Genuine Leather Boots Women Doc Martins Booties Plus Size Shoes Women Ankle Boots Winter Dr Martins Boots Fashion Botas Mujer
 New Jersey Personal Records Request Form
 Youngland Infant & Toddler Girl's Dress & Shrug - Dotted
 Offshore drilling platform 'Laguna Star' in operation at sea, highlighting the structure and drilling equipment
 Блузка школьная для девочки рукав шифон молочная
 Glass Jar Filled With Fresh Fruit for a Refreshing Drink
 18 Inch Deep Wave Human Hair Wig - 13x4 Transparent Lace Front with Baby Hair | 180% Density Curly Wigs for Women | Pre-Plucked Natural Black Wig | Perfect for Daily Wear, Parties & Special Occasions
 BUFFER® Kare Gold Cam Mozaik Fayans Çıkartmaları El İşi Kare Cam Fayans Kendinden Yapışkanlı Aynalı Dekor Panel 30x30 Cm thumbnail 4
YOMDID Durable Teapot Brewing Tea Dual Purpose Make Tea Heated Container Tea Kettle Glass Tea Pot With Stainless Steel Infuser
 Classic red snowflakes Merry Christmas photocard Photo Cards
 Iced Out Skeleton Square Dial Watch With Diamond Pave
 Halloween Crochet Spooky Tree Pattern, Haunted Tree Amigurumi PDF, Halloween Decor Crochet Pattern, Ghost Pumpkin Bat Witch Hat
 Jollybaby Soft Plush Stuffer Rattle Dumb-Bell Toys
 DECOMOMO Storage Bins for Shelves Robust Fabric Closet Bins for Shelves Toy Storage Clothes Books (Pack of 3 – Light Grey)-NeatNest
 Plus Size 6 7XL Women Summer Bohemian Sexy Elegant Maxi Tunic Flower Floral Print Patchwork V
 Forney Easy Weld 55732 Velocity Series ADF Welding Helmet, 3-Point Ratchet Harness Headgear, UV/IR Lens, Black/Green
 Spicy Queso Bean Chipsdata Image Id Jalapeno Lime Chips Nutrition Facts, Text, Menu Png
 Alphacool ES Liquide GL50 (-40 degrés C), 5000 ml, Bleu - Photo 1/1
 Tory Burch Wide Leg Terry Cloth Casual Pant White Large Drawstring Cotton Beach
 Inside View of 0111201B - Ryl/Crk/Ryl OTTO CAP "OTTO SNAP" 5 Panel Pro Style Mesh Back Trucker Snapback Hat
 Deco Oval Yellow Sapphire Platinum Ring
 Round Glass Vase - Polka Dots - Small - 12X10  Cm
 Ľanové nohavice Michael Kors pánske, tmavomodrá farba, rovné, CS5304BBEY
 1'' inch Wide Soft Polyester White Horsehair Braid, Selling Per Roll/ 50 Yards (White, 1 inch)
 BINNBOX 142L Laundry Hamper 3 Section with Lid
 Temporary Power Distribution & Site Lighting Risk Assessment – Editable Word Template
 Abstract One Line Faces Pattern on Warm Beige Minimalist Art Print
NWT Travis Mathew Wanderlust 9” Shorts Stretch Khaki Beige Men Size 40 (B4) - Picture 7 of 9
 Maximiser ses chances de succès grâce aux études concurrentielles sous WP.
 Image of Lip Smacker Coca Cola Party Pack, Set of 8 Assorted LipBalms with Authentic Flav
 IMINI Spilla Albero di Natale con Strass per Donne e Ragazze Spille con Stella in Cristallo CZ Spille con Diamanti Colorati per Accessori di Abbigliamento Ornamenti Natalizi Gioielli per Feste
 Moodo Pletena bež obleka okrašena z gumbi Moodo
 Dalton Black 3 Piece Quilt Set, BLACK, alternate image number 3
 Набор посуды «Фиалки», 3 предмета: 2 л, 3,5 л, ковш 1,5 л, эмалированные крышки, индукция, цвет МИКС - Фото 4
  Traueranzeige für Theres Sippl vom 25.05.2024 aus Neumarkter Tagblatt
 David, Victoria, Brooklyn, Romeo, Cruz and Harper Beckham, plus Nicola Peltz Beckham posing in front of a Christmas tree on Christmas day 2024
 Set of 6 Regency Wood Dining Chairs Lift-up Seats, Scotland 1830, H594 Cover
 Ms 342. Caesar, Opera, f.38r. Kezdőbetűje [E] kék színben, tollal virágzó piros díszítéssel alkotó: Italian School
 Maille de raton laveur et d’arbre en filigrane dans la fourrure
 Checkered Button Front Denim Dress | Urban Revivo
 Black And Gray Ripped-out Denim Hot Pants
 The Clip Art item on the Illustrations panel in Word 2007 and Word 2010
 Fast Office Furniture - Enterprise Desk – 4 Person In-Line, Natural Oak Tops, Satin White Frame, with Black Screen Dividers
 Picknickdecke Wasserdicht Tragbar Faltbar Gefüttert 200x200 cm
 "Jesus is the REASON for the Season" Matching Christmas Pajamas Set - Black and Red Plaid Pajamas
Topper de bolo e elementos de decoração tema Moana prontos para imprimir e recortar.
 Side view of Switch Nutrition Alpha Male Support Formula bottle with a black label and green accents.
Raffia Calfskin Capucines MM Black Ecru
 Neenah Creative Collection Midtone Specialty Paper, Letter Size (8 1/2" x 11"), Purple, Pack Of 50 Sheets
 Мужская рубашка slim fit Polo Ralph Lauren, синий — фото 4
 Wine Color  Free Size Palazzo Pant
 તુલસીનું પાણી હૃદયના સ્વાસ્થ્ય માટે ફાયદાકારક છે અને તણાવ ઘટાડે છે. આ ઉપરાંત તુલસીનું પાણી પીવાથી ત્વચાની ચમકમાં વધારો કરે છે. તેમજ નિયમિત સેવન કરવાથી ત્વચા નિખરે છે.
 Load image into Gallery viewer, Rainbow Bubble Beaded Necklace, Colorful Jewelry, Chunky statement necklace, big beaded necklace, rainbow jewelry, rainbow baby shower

· · · · · · ·

▶ _Your objective_
Return every record above exactly, line by line.

▶ _Answer box_
Genuine Leather Boots Women Doc Martins Booties Plus Size Shoes Women Ankle Boots Winter Dr Martins Boots Fashion Botas Mujer
 New Jersey Personal Records Request Form
 Youngland Infant & Toddler Girl's Dress & Shrug - Dotted
 Offshore drilling platform 'Laguna Star' in operation at sea, highlighting the structure and drilling equipment
 Блузка школьная для девочки рукав шифон молочная
 Glass Jar Filled With Fresh Fruit for a Refreshing Drink
 18 Inch Deep Wave Human Hair Wig - 13x4 Transparent Lace Front with Baby Hair | 180% Density Curly Wigs for Women | Pre-Plucked Natural Black Wig | Perfect for Daily Wear, Parties & Special Occasions
 BUFFER® Kare Gold Cam Mozaik Fayans Çıkartmaları El İşi Kare Cam Fayans Kendinden Yapışkanlı Aynalı Dekor Panel 30x30 Cm thumbnail 4
YOMDID Durable Teapot Brewing Tea Dual Purpose Make Tea Heated Container Tea Kettle Glass Tea Pot With Stainless Steel Infuser
 Classic red snowflakes Merry Christmas photocard Photo Cards
 Iced Out Skeleton Square Dial Watch With Diamond Pave
 Halloween Crochet Spooky Tree Pattern, Haunted Tree Amigurumi PDF, Halloween Decor Crochet Pattern, Ghost Pumpkin Bat Witch Hat
 Jollybaby Soft Plush Stuffer Rattle Dumb-Bell Toys
 DECOMOMO Storage Bins for Shelves Robust Fabric Closet Bins for Shelves Toy Storage Clothes Books (Pack of 3 – Light Grey)-NeatNest
 Plus Size 6 7XL Women Summer Bohemian Sexy Elegant Maxi Tunic Flower Floral Print Patchwork V
 Forney Easy Weld 55732 Velocity Series ADF Welding Helmet, 3-Point Ratchet Harness Headgear, UV/IR Lens, Black/Green
 Spicy Queso Bean Chipsdata Image Id Jalapeno Lime Chips Nutrition Facts, Text, Menu Png
 Alphacool ES Liquide GL50 (-40 degrés C), 5000 ml, Bleu - Photo 1/1
 Tory Burch Wide Leg Terry Cloth Casual Pant White Large Drawstring Cotton Beach
 Inside View of 0111201B - Ryl/Crk/Ryl OTTO CAP "OTTO SNAP" 5 Panel Pro Style Mesh Back Trucker Snapback Hat
 Deco Oval Yellow Sapphire Platinum Ring
 Round Glass Vase - Polka Dots - Small - 12X10  Cm
 Ľanové nohavice Michael Kors pánske, tmavomodrá farba, rovné, CS5304BBEY
 1'' inch Wide Soft Polyester White Horsehair Braid, Selling Per Roll/ 50 Yards (White, 1 inch)
 BINNBOX 142L Laundry Hamper 3 Section with Lid
 Temporary Power Distribution & Site Lighting Risk Assessment – Editable Word Template
 Abstract One Line Faces Pattern on Warm Beige Minimalist Art Print
NWT Travis Mathew Wanderlust 9” Shorts Stretch Khaki Beige Men Size 40 (B4) - Picture 7 of 9
 Maximiser ses chances de succès grâce aux études concurrentielles sous WP.
 Image of Lip Smacker Coca Cola Party Pack, Set of 8 Assorted LipBalms with Authentic Flav
 IMINI Spilla Albero di Natale con Strass per Donne e Ragazze Spille con Stella in Cristallo CZ Spille con Diamanti Colorati per Accessori di Abbigliamento Ornamenti Natalizi Gioielli per Feste
 Moodo Pletena bež obleka okrašena z gumbi Moodo
 Dalton Black 3 Piece Quilt Set, BLACK, alternate image number 3
 Набор посуды «Фиалки», 3 предмета: 2 л, 3,5 л, ковш 1,5 л, эмалированные крышки, индукция, цвет МИКС - Фото 4
  Traueranzeige für Theres Sippl vom 25.05.2024 aus Neumarkter Tagblatt
 David, Victoria, Brooklyn, Romeo, Cruz and Harper Beckham, plus Nicola Peltz Beckham posing in front of a Christmas tree on Christmas day 2024
 Set of 6 Regency Wood Dining Chairs Lift-up Seats, Scotland 1830, H594 Cover
 Ms 342. Caesar, Opera, f.38r. Kezdőbetűje [E] kék színben, tollal virágzó piros díszítéssel alkotó: Italian School
 Maille de raton laveur et d’arbre en filigrane dans la fourrure
 Checkered Button Front Denim Dress | Urban Revivo
 Black And Gray Ripped-out Denim Hot Pants
 The Clip Art item on the Illustrations panel in Word 2007 and Word 2010
 Fast Office Furniture - Enterprise Desk – 4 Person In-Line, Natural Oak Tops, Satin White Frame, with Black Screen Dividers
 Picknickdecke Wasserdicht Tragbar Faltbar Gefüttert 200x200 cm
 "Jesus is the REASON for the Season" Matching Christmas Pajamas Set - Black and Red Plaid Pajamas
Topper de bolo e elementos de decoração tema Moana prontos para imprimir e recortar.
 Side view of Switch Nutrition Alpha Male Support Formula bottle with a black label and green accents.
Raffia Calfskin Capucines MM Black Ecru
 Neenah Creative Collection Midtone Specialty Paper, Letter Size (8 1/2" x 11"), Purple, Pack Of 50 Sheets
 Мужская рубашка slim fit Polo Ralph Lauren, синий — фото 4
 Wine Color  Free Size Palazzo Pant
 તુલસીનું પાણી હૃદયના સ્વાસ્થ્ય માટે ફાયદાકારક છે અને તણાવ ઘટાડે છે. આ ઉપરાંત તુલસીનું પાણી પીવાથી ત્વચાની ચમકમાં વધારો કરે છે. તેમજ નિયમિત સેવન કરવાથી ત્વચા નિખરે છે.
 Load image into Gallery viewer, Rainbow Bubble Beaded Necklace, Colorful Jewelry, Chunky statement necklace, big beaded necklace, rainbow jewelry, rainbow baby shower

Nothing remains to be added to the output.